Abondant dans le même sens, le Dr Sophia C. Woolley, coordonnatrice médicale à MSF, précise qu’ « aujourd’hui, avec un patient se trouvant entre la vie et la mort, il faut faire le tour de Port-au-Prince pour trouver un hôpital pouvant le prendre en charge ».  10 ans après, certains hôpitaux qui ont été détruits par le séisme sont reconstruits tandis que, pour d’autres, les travaux traînent. C’est le cas du plus grand centre hospitalier du pays l’hôpital de l’Université d’État d’Haïti (HUEH) qui fonctionne dans des conditions exécrables. Le médecin appelle les autorités sanitaires à faire de leur mieux pour renforcer l’hôpital public de Port-Salut. « Nous souhaitons vraiment que les acteurs qui travaillent dans le domaine dans la santé (public, privé, humanitaire ou autres) investissent davantage », a souhaité Sandra Lamarque, rappelant que 60% des infrastructures du système sanitaire ont été détruits. 10% du personnel médical a péri sous les décombres, selon le rapport du MSF.
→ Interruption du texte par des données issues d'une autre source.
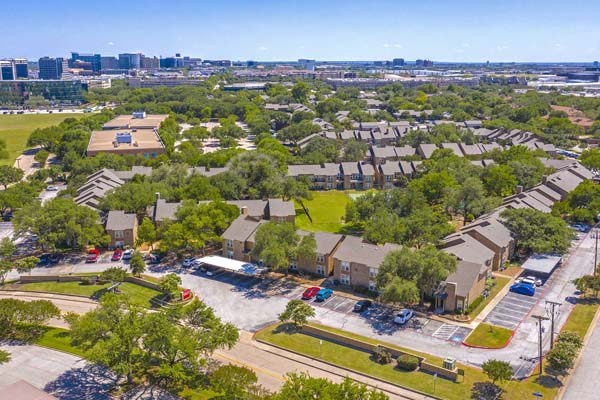 Drone shot of the South East side of the apartment community, Bent Tree Fountains. You can also see the pet playground and tennis courts in the center of all the buildings.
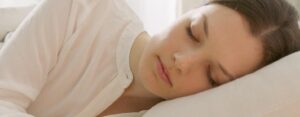 Jeune femme endormie paisiblement, illustrant le lien entre stress et sommeil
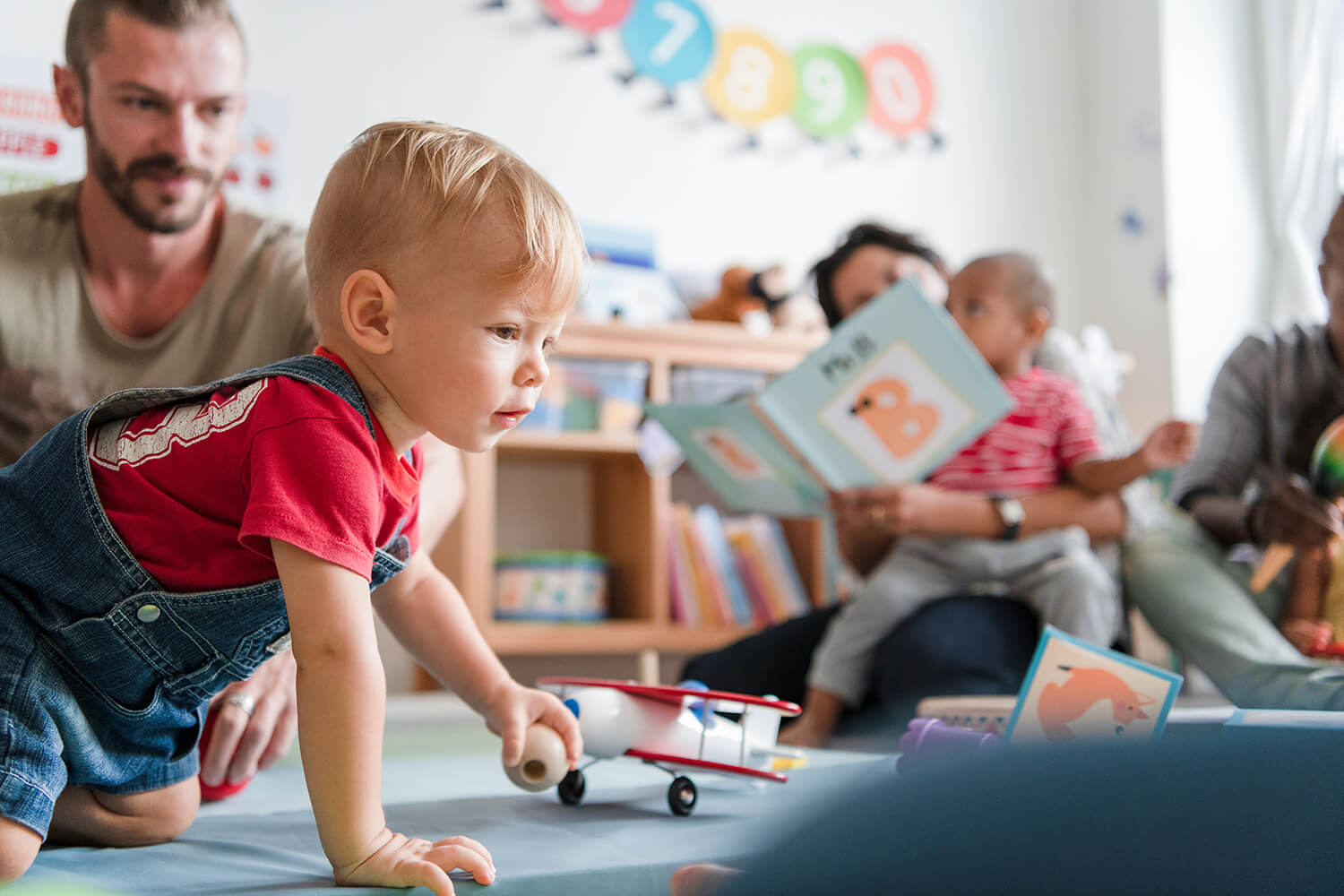 A toddler plays with a wooden toy plane in a family-friendly learning space while parents read to other children.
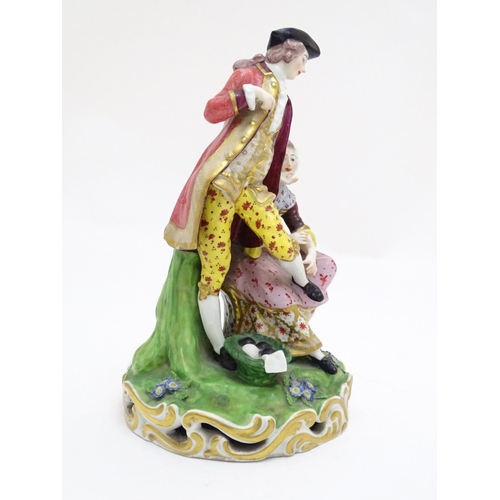 88 - A large Derby porcelain figural group depicting a young couple on a naturalistic base with flowers. ... 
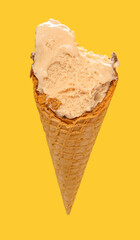 angle view milk tea flavor ice cream cone with some bites on a yellow background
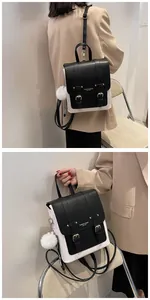 Detail of contrast PU leather backpack featuring metal buckles and a plush pompom charm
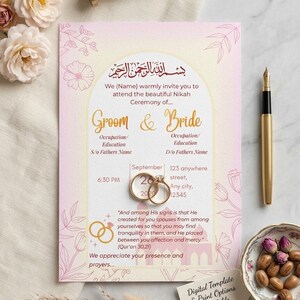 May include: A wedding invitation with a pink and gold design. The invitation includes the words "Groom & Bride" and details for the ceremony. Gold rings are featured, along with a gold pen and a decorative stamp.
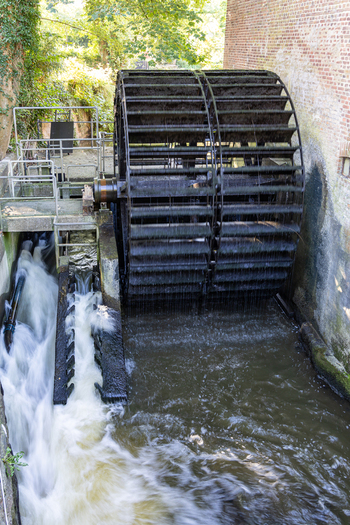View of a large historic water wheel rotating with rushing water next to a traditional brick wall and green foliage in Ribe Denmark. View of a large historic water wheel rotating with rushing water next to a traditional brick wall and green foliage in Ribe Denmark.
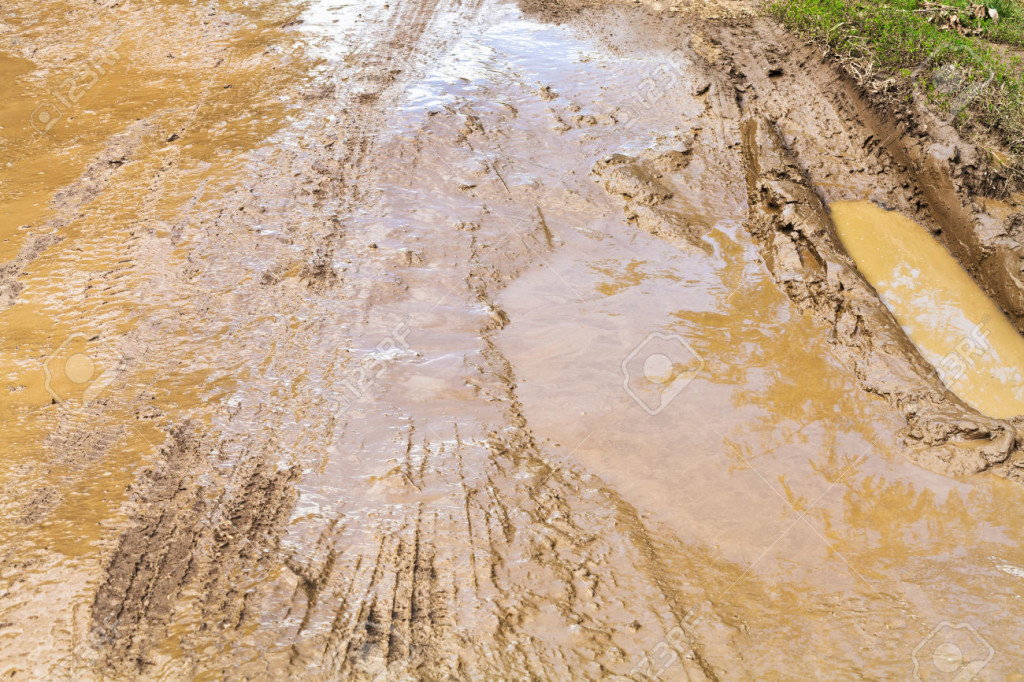 mud and puddle at dirt road
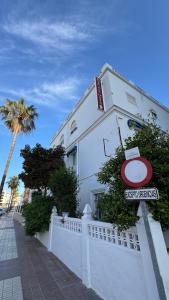 a white building with a sign on a fence at Hostal Playa Hidalgo in Rota +20 photos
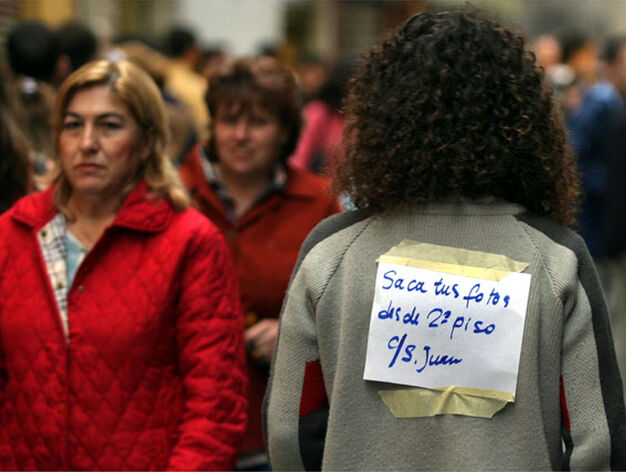Una joven lleva a la espalda un cartel en el que ofrece su piso de calle San Juan para tomar las mejores fotograf&iacute;as. 

Foto: Sergio Camacho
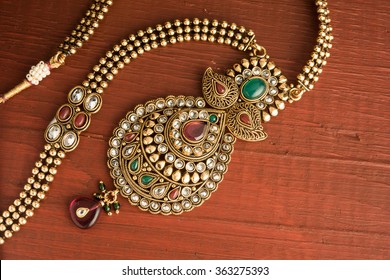 Indian traditional jewellery over wooden background, Selective focus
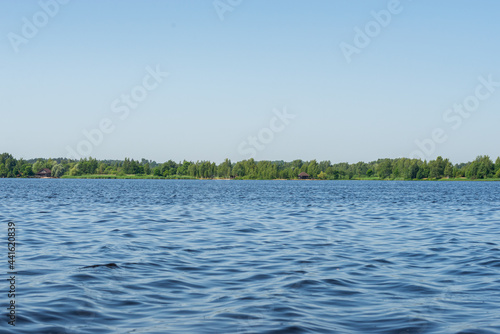 Summer landscape with blue skies and blue wavy water of a forest lake. In the middle of a warm  sunny summer with fresh green foliage. Harmony in nature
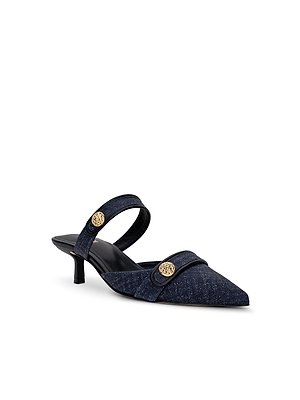 The Gilliane Heeled Mule by L'AGENCE is a navy blue pointed-toe denim mule with a slingback heel, black trim, and two gold lion-embossed buttons on the straps. It features a low, thin heel and an elegant, modern design with vintage appeal.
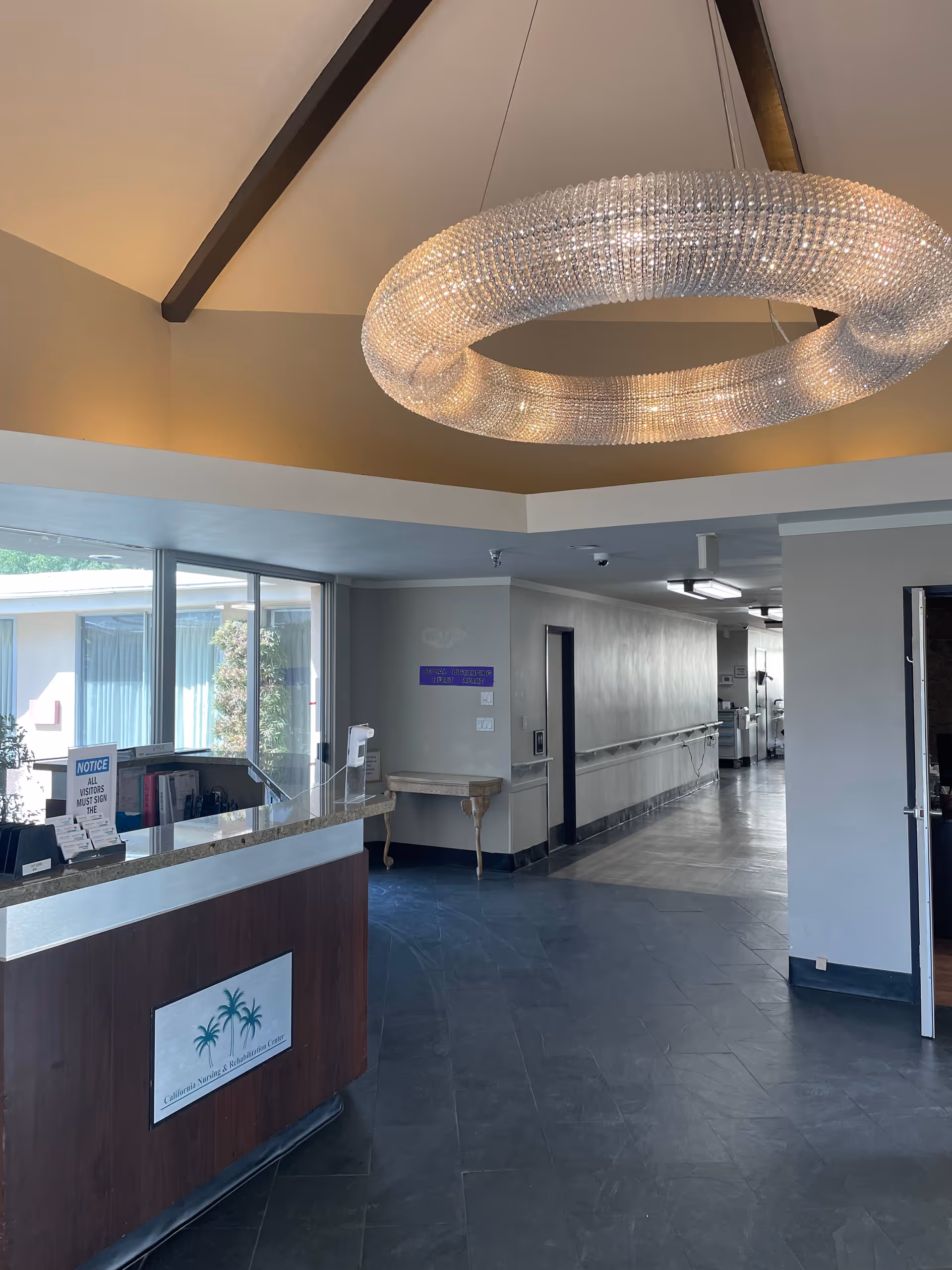 Reception area of California Nursing & Rehabilitation Center with a wooden front desk featuring a palm tree logo, a large circular chandelier hanging from a high ceiling with exposed beams, and a hallway leading to other rooms. There is a window with curtains and a small table against the wall.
Malgré l’ampleur de l’aide humanitaire reçue au lendemain du séisme du 12 janvier 2010, les besoins cruciaux en matière d’accès aux soins de santé demeurent. La plupart des acteurs humanitaires médicaux ont quitté le pays où sont sur le point de le faire, alors que la population continue d’éprouver de grandes difficultés pour accéder à des soins de santé. Pendant que l’Etat diminue son allocation budgétaire à la santé, limitant ainsi les hôpitaux publics dans leur mission, les coûts des soins de santé augmentent dans le secteur privé.

Le Dr Sophia C. Woolley explique que l’appui de MSF au ministère de la Santé publique ne sera jamais suffisant pour combler les lacunes de notre système. Il faut l’implication de tous.